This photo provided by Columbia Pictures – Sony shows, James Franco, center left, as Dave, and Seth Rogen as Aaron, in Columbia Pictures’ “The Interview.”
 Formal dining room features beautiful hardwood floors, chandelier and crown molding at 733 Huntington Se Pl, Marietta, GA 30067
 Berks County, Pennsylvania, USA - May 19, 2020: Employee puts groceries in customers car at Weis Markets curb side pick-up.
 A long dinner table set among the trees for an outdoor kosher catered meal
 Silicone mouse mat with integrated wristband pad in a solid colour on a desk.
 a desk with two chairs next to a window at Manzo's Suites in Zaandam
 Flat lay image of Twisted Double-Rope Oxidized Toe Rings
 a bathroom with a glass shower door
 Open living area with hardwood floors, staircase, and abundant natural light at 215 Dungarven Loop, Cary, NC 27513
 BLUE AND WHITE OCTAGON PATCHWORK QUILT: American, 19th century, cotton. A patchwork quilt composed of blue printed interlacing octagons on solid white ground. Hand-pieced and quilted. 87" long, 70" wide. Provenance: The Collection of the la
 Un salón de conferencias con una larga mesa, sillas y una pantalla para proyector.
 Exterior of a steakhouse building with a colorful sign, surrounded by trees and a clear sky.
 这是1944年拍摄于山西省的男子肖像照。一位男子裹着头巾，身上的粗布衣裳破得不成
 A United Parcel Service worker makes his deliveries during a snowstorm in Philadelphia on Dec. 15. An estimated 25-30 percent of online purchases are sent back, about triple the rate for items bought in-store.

▸ Task brief:
For the word "long", state the number of lines in the listing that contain it and nothing further.

▸ Answer section:
2